GM’s Shop-Click-Drive Jumps the Curb

General Motors says its Shop, Click and Drive initiative is designed to let consumers get online information on vehicles, pricing, incentives, finance and insurance products and trade-in value. Shoppers can pick a vehicle, apply for financing, then get their car.

Despite the fact GM is building what I consider to be some of the best products in the industry, it has lost the ball in the sun with this retailing project.

Like all manufacturers, it needs to get out of retail. They’re all bad at it. Interfering with dealers has repeatedly led to disastrous results.

First, requiring all participating GM dealers to have the same cookie-cutter website vendor is totally asinine.

Dealer websites cannot be competitive nor convert consumers effectively if all of them are built, maintained and, supposedly, optimized by the same company.

Not only does this encourage dealers to compete among themselves. It drives up the cost of search-engine marketing and pay-per-click search advertising.

These issues and others first came to my attention online in several discussion groups I participate in with dealership employees and principals. The negatives coming from dealerships about Shop-Click-Drive are overwhelming in conversation after conversation and post after post.

If I spoke with one GM dealer out of 100 that was positive about the program, that would be giving them an edge. Dealers are either indifferent about it or they hate it. Very few sing its praises. Usually GM has at least a few dealers who will endorse anything it does.
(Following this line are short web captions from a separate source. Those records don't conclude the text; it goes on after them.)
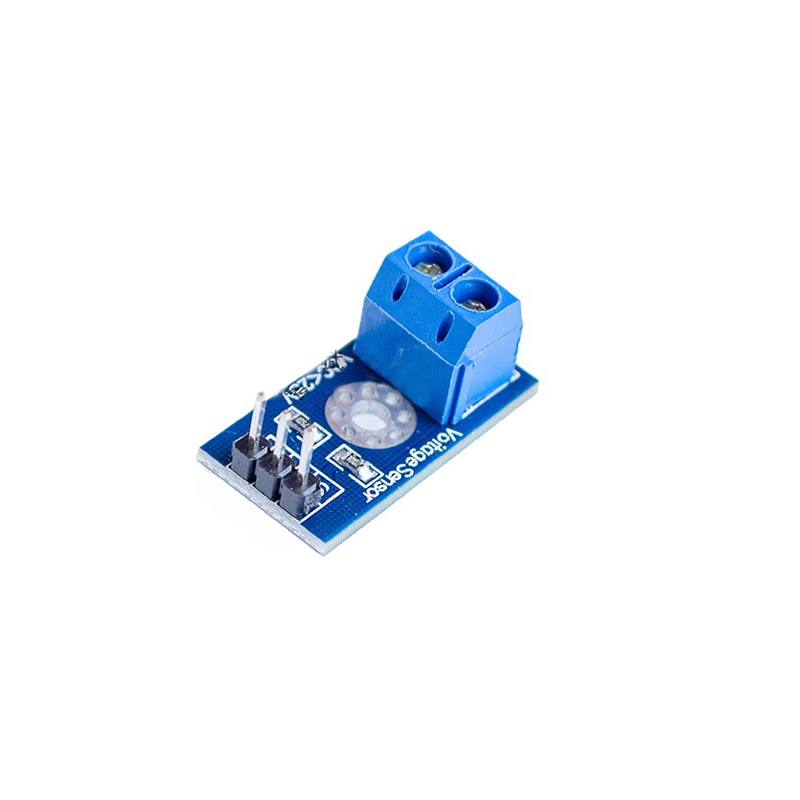 5pcs/lot Smart Electronics DC  - Diy Robot Electronics Kit のレビューと価格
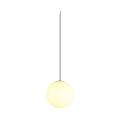  SUN 30 suspension E27 or 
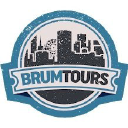 brum tours limited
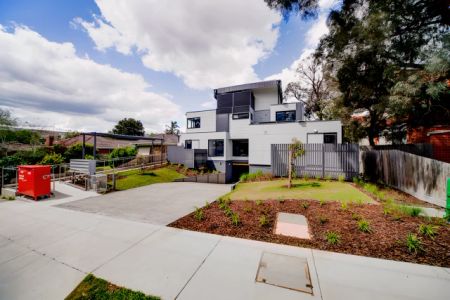 58 Station Street, Melbourne - Photo 5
But you do hear glowing praise of Shop-Click-Drive from one group: GM management. It acts like this is the best thing since Otto Frederick Rohwedder invented the bread-slicing machine in 1928.

A GM spokesperson says: “Customers love the fact that they don’t have to spend four or five hours in the dealership.”

My good friend Cliff Banks of  “The Banks Report” says S-C-D essentially is another lead generator that’s a little more dressed up.

GM reports that about 1,800 of its 4,300 dealerships participate. They sold 15,000 vehicles that way in the first year of the program that began in late 2013.

“Do the math,” Banks says. “Fifteen thousand sales divided by 1,800 dealerships equals 8.3 sales per dealership.”

GM claims to have sold about 18,000 units to date through this program. It sold 5 million vehicles overall during that same period.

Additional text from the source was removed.